* Data segment *
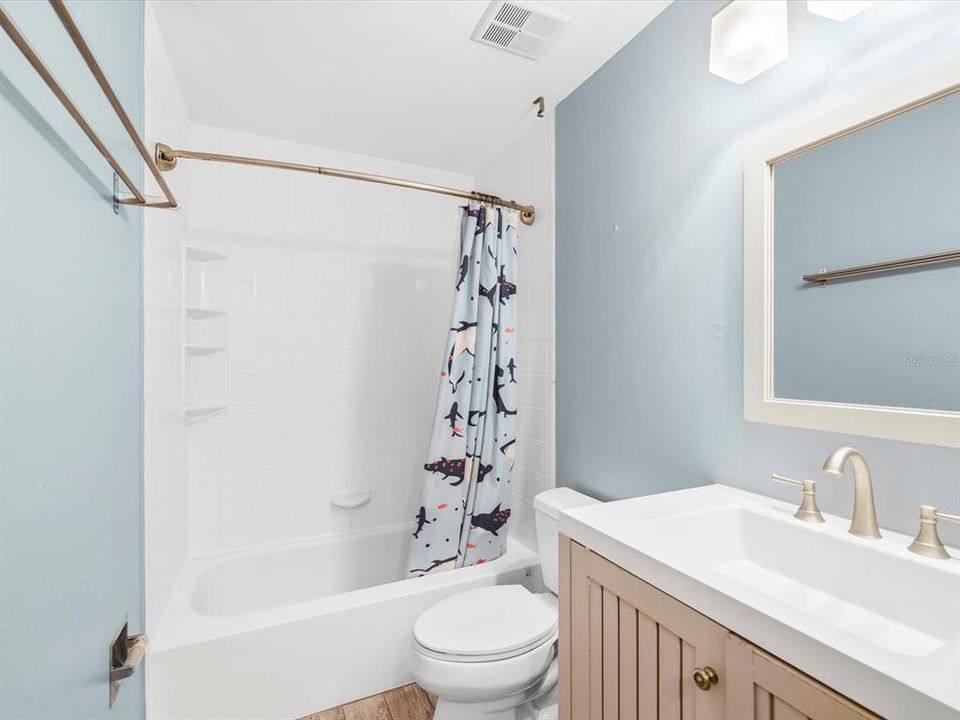 待售: $185,000 (2 贝兹, 2 浴室, 1021 平方英尺)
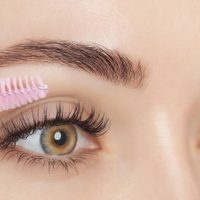 Ni sérum ni extensiones: 2 productos naturales que ayudan a fortalecer y hacer crecer las pestañas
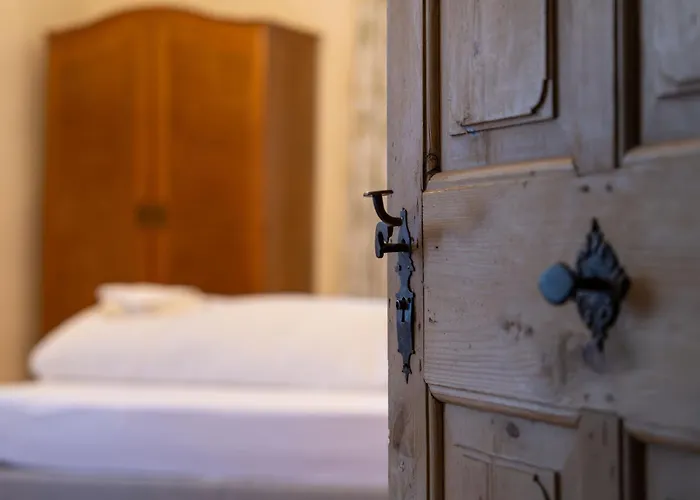 Gaestehaus Goldener Stern 利恩茨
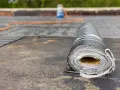 Rolka papy na dachu. Zastanawiasz się, ile kosztuje utylizacja onduliny?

* Work instruction *
Your answer must be the lines from the line containing "Gaestehaus Goldener Stern 利恩茨" through the final line of the data, written out exactly, both ends included and pictures left out.

* Response to the exercise *
 Gaestehaus Goldener Stern 利恩茨
 Rolka papy na dachu. Zastanawiasz się, ile kosztuje utylizacja onduliny?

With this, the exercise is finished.